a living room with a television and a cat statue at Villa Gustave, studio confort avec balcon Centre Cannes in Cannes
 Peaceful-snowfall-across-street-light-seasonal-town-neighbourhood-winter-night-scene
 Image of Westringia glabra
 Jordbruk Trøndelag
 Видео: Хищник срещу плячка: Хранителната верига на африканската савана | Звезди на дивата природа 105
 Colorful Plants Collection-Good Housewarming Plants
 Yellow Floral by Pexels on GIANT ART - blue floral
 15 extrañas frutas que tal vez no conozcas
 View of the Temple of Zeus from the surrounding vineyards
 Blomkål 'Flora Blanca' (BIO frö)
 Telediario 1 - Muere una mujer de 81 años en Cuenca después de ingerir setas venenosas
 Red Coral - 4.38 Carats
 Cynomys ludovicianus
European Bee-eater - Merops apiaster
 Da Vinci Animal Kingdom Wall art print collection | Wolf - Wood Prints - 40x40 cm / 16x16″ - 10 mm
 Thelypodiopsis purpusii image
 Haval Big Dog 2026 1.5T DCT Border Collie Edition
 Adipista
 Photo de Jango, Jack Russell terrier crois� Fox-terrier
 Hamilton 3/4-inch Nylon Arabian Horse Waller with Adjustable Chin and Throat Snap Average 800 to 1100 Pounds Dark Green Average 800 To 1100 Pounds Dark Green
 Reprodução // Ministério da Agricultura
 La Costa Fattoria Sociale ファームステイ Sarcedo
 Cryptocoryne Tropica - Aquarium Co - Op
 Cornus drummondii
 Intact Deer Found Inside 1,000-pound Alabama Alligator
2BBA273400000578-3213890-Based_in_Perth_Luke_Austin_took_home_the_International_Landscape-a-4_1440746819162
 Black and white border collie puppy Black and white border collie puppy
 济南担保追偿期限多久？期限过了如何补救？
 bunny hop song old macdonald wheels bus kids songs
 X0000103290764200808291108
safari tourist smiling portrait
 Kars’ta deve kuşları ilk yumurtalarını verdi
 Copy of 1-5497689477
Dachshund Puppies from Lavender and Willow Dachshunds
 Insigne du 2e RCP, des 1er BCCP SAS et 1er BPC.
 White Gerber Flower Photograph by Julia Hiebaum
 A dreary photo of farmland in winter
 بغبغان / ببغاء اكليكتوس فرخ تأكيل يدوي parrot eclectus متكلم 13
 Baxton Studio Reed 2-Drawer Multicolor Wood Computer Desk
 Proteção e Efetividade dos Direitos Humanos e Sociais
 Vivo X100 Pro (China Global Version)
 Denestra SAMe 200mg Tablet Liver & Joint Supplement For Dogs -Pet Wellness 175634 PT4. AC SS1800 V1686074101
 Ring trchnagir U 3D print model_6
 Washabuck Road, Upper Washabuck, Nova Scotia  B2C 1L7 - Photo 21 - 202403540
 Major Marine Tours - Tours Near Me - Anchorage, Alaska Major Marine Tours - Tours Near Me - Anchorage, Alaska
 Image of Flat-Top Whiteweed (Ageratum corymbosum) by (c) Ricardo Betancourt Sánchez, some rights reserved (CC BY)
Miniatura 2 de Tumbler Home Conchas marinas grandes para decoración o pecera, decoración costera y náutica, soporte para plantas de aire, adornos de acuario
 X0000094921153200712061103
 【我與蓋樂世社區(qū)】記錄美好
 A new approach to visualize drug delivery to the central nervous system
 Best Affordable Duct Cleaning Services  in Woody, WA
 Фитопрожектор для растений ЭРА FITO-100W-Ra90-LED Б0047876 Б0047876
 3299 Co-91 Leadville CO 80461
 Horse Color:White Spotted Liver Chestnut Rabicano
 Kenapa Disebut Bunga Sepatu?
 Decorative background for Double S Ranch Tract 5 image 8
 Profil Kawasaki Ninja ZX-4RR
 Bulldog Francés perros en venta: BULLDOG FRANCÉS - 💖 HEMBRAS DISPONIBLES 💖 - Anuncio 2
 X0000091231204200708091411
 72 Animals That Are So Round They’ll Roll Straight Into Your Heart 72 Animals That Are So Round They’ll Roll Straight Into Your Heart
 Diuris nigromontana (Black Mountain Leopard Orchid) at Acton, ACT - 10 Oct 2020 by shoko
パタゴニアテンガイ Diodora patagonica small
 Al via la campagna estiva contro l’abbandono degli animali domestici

******

→ **WHAT THE TASK REQUIRES**:
Type out the records above again, exactly the same.

→ **OUTPUT OF THE TASK**:
a living room with a television and a cat statue at Villa Gustave, studio confort avec balcon Centre Cannes in Cannes
 Peaceful-snowfall-across-street-light-seasonal-town-neighbourhood-winter-night-scene
 Image of Westringia glabra
 Jordbruk Trøndelag
 Видео: Хищник срещу плячка: Хранителната верига на африканската савана | Звезди на дивата природа 105
 Colorful Plants Collection-Good Housewarming Plants
 Yellow Floral by Pexels on GIANT ART - blue floral
 15 extrañas frutas que tal vez no conozcas
 View of the Temple of Zeus from the surrounding vineyards
 Blomkål 'Flora Blanca' (BIO frö)
 Telediario 1 - Muere una mujer de 81 años en Cuenca después de ingerir setas venenosas
 Red Coral - 4.38 Carats
 Cynomys ludovicianus
European Bee-eater - Merops apiaster
 Da Vinci Animal Kingdom Wall art print collection | Wolf - Wood Prints - 40x40 cm / 16x16″ - 10 mm
 Thelypodiopsis purpusii image
 Haval Big Dog 2026 1.5T DCT Border Collie Edition
 Adipista
 Photo de Jango, Jack Russell terrier crois� Fox-terrier
 Hamilton 3/4-inch Nylon Arabian Horse Waller with Adjustable Chin and Throat Snap Average 800 to 1100 Pounds Dark Green Average 800 To 1100 Pounds Dark Green
 Reprodução // Ministério da Agricultura
 La Costa Fattoria Sociale ファームステイ Sarcedo
 Cryptocoryne Tropica - Aquarium Co - Op
 Cornus drummondii
 Intact Deer Found Inside 1,000-pound Alabama Alligator
2BBA273400000578-3213890-Based_in_Perth_Luke_Austin_took_home_the_International_Landscape-a-4_1440746819162
 Black and white border collie puppy Black and white border collie puppy
 济南担保追偿期限多久？期限过了如何补救？
 bunny hop song old macdonald wheels bus kids songs
 X0000103290764200808291108
safari tourist smiling portrait
 Kars’ta deve kuşları ilk yumurtalarını verdi
 Copy of 1-5497689477
Dachshund Puppies from Lavender and Willow Dachshunds
 Insigne du 2e RCP, des 1er BCCP SAS et 1er BPC.
 White Gerber Flower Photograph by Julia Hiebaum
 A dreary photo of farmland in winter
 بغبغان / ببغاء اكليكتوس فرخ تأكيل يدوي parrot eclectus متكلم 13
 Baxton Studio Reed 2-Drawer Multicolor Wood Computer Desk
 Proteção e Efetividade dos Direitos Humanos e Sociais
 Vivo X100 Pro (China Global Version)
 Denestra SAMe 200mg Tablet Liver & Joint Supplement For Dogs -Pet Wellness 175634 PT4. AC SS1800 V1686074101
 Ring trchnagir U 3D print model_6
 Washabuck Road, Upper Washabuck, Nova Scotia  B2C 1L7 - Photo 21 - 202403540
 Major Marine Tours - Tours Near Me - Anchorage, Alaska Major Marine Tours - Tours Near Me - Anchorage, Alaska
 Image of Flat-Top Whiteweed (Ageratum corymbosum) by (c) Ricardo Betancourt Sánchez, some rights reserved (CC BY)
Miniatura 2 de Tumbler Home Conchas marinas grandes para decoración o pecera, decoración costera y náutica, soporte para plantas de aire, adornos de acuario
 X0000094921153200712061103
 【我與蓋樂世社區(qū)】記錄美好
 A new approach to visualize drug delivery to the central nervous system
 Best Affordable Duct Cleaning Services  in Woody, WA
 Фитопрожектор для растений ЭРА FITO-100W-Ra90-LED Б0047876 Б0047876
 3299 Co-91 Leadville CO 80461
 Horse Color:White Spotted Liver Chestnut Rabicano
 Kenapa Disebut Bunga Sepatu?
 Decorative background for Double S Ranch Tract 5 image 8
 Profil Kawasaki Ninja ZX-4RR
 Bulldog Francés perros en venta: BULLDOG FRANCÉS - 💖 HEMBRAS DISPONIBLES 💖 - Anuncio 2
 X0000091231204200708091411
 72 Animals That Are So Round They’ll Roll Straight Into Your Heart 72 Animals That Are So Round They’ll Roll Straight Into Your Heart
 Diuris nigromontana (Black Mountain Leopard Orchid) at Acton, ACT - 10 Oct 2020 by shoko
パタゴニアテンガイ Diodora patagonica small
 Al via la campagna estiva contro l’abbandono degli animali domestici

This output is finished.